Yiddish phone sex - long story - Sex is an ocean. My work has always had sexual content even in disguise for times when free speech is more dangerous. Even my fascination with the Hebrew mystical traditions had a very sexual dimension for me. The Sefiroths are gendered my images in the spheres are either men or women but not mixed together. A non-verbal ( which I consider myself not having a deep grasp of writing of grammar even). No I try to write from same place I paint in and draw in . in someways I think I am a savant or what my dear Mom would call some one who is "touched". My mother had an abiding affection for the Jews she told me many times how much she loved and trusted Jewish people. She worked waiting tables in a gambling den in Chicago and the customers were all Jewish men . They loved Alice the farmer's daughter cute as a movie star. They would cry when they lost and they would give Mom big tips when the won. Of course I'm writing short hand here , this was a very friendly romantic employment one of the jobs she liked. But I took it to heart about the Jews, Mom I trust your judgement and at some point in my long struggle I came across Kabbalah and I was hooked,
My mother's name was Tiny Alice Stone, Tiny is English for her Finnish name Taime but it means tiny she was called Tiny and later just Alice.She was not religious but she sent us to Sunday School more my Dad he had family in Salvation Army business. Anyway she was more spiritual more in touch with vibes and her feelings. I was her first birth and we both nearly bought the farm that day. Within the next few years her Schzoid psychosis set in. Long story short - She inspired me to become an artist she believed I could do it. Unfailing love deep help and I will always be blessed to have had such a supportive parent. She was my school. My best pal my confidant my first fan.

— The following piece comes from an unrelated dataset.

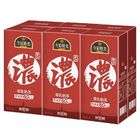 午后時光-重乳奶茶 330ml x 6入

Susan Sontag wrote about illness as metaphor and I suppose my iterations are similar different disease same issues. Madness comes in different sizes. My mother was disabled by her madness, ultimately her life much shorter than a normal span. And I've had my troubles albeit not as disabling as my Mom's disease. But it made me stronger that I survived my episodes well I was changed by madness and by it's demi-cures . I do think as well that studying philosophy and poetry helped me become well and the Kabbalistic investigations helped me reassemble my consciousness and my soul.
Sex our sex is what we make of it. For some people sexuality is a second language. For others money is the only language just kidding, no I understand that our sex is very deep and dark and difficult and wonderful. And it is an ocean if alternative life is anywhere it is in sexing. But as the Buddhists or is it the Hindus or The Tea Party Republicans say DESIRE IS THE DESTROYER! I'm going to write more about sex visavis my art. Since that seems to be how I got here.